Introduction: Electrically stimulated cramp threshold frequency (TF) correlates well with occurrence of muscle cramps; i.e., lower TF represents increased predisposition to cramps. Higher frequency of muscle cramps in cirrhosis is associated with a poor quality of life. However, the etiology of muscle cramps in cirrhotic individuals is not well understood. In the current study, we tested the hypothesis that cirrhotic patients with muscle cramps have lower cramp TF. Methods: 36 participants were recruited: Group A: cirrhotic patients who experienced at least 3 episodes of cramps/week (n=14); Group B: cirrhotic patients without cramps (n=12) and Group C: healthy individuals without cramps (n=10).
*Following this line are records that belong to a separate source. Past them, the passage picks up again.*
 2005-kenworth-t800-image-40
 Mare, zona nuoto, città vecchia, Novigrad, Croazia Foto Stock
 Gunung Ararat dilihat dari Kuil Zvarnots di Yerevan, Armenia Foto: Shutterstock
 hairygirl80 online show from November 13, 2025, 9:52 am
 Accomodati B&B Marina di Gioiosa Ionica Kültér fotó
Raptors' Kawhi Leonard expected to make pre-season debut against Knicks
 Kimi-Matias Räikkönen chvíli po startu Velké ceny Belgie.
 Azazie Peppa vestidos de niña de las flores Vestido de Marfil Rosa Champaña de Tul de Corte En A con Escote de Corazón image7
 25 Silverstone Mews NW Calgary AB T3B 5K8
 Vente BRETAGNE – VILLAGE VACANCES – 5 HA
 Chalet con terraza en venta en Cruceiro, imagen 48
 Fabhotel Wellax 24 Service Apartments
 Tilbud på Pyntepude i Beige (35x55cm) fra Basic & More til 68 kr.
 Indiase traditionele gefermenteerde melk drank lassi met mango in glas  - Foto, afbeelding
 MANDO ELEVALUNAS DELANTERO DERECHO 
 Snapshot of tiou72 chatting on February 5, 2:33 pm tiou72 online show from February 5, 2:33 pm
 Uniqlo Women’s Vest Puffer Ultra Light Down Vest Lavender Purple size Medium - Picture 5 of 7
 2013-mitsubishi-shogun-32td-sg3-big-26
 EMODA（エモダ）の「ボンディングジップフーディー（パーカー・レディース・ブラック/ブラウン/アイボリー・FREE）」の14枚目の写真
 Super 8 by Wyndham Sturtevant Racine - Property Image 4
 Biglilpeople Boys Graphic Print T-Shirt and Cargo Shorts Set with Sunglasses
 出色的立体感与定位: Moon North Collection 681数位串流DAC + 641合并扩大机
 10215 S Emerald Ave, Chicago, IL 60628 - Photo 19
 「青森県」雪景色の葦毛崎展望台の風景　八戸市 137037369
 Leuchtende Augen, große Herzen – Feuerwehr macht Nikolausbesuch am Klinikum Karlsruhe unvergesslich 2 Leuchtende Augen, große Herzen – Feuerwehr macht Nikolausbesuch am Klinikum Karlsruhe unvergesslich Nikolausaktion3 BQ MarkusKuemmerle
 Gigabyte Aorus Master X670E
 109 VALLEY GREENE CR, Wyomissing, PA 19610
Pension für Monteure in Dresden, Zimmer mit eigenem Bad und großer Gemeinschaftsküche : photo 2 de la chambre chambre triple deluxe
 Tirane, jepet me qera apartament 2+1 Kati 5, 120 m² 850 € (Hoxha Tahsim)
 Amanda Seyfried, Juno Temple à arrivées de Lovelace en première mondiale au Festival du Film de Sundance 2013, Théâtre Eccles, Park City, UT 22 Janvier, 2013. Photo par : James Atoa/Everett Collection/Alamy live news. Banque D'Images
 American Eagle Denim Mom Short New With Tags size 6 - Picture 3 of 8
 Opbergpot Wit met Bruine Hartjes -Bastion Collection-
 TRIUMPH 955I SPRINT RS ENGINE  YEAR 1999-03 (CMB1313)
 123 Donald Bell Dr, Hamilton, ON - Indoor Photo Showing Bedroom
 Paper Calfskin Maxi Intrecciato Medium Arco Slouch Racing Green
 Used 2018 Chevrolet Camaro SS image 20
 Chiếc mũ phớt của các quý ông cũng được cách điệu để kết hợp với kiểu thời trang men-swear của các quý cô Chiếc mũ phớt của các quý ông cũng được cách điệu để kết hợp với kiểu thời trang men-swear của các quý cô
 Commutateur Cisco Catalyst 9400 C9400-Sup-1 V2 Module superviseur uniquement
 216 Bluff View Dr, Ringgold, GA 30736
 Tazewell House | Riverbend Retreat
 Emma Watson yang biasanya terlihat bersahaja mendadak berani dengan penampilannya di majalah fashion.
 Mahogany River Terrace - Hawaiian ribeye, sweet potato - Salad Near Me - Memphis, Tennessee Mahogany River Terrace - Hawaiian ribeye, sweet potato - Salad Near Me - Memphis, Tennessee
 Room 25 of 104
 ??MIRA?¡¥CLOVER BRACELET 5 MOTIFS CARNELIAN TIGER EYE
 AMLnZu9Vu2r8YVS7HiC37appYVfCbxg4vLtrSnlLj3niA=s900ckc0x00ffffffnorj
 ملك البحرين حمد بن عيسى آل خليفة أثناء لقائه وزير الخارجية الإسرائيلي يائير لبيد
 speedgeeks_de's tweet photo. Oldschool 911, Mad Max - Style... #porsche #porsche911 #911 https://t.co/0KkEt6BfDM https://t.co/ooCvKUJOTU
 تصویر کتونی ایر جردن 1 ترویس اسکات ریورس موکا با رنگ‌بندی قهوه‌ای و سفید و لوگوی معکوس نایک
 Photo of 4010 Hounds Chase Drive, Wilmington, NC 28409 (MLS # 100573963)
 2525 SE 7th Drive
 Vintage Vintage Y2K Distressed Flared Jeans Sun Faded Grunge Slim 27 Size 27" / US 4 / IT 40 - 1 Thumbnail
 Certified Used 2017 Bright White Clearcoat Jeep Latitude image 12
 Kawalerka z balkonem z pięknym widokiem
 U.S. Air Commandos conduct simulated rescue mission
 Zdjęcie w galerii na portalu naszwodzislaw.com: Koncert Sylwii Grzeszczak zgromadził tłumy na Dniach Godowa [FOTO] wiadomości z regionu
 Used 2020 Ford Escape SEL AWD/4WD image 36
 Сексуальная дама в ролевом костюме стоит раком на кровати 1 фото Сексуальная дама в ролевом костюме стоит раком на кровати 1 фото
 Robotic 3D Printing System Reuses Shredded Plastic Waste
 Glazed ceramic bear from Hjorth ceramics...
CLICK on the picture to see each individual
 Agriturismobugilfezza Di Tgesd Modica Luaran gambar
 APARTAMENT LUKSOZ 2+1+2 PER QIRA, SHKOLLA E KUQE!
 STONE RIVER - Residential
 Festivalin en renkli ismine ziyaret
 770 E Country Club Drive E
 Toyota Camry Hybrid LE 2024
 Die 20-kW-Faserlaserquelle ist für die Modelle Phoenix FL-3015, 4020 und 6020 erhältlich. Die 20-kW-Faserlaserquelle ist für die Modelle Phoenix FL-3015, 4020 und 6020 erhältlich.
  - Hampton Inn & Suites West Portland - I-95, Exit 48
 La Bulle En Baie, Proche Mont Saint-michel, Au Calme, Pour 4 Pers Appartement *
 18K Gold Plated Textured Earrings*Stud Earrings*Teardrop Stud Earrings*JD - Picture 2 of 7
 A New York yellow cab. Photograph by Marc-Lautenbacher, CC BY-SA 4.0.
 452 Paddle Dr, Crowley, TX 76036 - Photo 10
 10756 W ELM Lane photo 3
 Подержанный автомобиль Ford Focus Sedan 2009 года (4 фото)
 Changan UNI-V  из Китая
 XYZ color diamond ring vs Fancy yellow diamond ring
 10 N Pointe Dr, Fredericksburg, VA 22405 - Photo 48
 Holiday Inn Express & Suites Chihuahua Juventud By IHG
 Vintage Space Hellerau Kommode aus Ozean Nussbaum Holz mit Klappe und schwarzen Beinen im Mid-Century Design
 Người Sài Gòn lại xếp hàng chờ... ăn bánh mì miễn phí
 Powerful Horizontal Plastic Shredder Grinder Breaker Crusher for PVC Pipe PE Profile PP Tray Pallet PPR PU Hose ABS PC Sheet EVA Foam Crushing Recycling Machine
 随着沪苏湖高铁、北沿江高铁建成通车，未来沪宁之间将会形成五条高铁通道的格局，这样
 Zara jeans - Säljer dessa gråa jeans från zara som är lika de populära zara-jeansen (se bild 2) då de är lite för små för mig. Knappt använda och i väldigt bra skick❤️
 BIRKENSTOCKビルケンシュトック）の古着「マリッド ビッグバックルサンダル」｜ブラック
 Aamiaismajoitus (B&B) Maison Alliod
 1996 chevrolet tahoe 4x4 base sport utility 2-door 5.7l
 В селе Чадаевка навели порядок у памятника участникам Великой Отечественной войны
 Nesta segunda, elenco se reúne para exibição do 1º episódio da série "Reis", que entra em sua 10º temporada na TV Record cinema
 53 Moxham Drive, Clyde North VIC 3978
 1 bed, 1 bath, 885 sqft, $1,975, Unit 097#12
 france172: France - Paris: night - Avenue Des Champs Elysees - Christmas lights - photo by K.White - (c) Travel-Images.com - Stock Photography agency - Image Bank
All groups were matched for age, gender and BMI whereas Groups A and B were matched for liver disease etiology and diuretic usage. Patients recorded cramps in a daily diary for 3 weeks and then underwent blood sampling and testing for cramp TF of tibial and ulnar nerves. Threshold frequency was determined by delivering a series of 8 shocks over 2 seconds. If no cramp occured, the frequency was increased by 2 Hz with a minimum of 60 seconds between the end of each stimulus until a cramp was induced. The shocks were delivered until max TF of 40 Hz was reached or patient requested to stop the test. Results: The study cohort comprised of 53% women, 86% Caucasian, BMI 32 ± 11 kg/m2 with mean age of 55 ± 9 years. Group A experienced an average of 5 ± 1 episodes of cramps per week. Cramps were induced in 43% of Group A, 50% of Group B, and 70% of Group C participants (P>0.05). Of those, 5 (14%) had induced cramps in both the tibial and ulnar nerve stimulation, whereas 10 (28%) patients had cramps induced only in the tibial nerve and 4 (11%) had cramps induced only at the ulnar nerve. The lowest TF required to induce cramps either with tibial or ulnar nerve stimulation was not significantly different among three groups: Group A (16 ± 6 Hz), Group B (15 ± 3 Hz) and Group C ( 17 ± 4 Hz) (P>0.05). Serum levels of magnesium (r= -0.71, P<0.05) and albumin (r=-0.52, P<0.05) had significant negative correlation with cramp TF. Conclusion: The frequency of electrically stimuted muscle cramps, or TF required to induce muscle cramps was not different in cirrhotics with cramps compared to other groups. The negative relationship between serum magnesium and albumin with cramp TF suggests therapeutic potential for magnesium and albumin for muscle cramps in cirrhotics.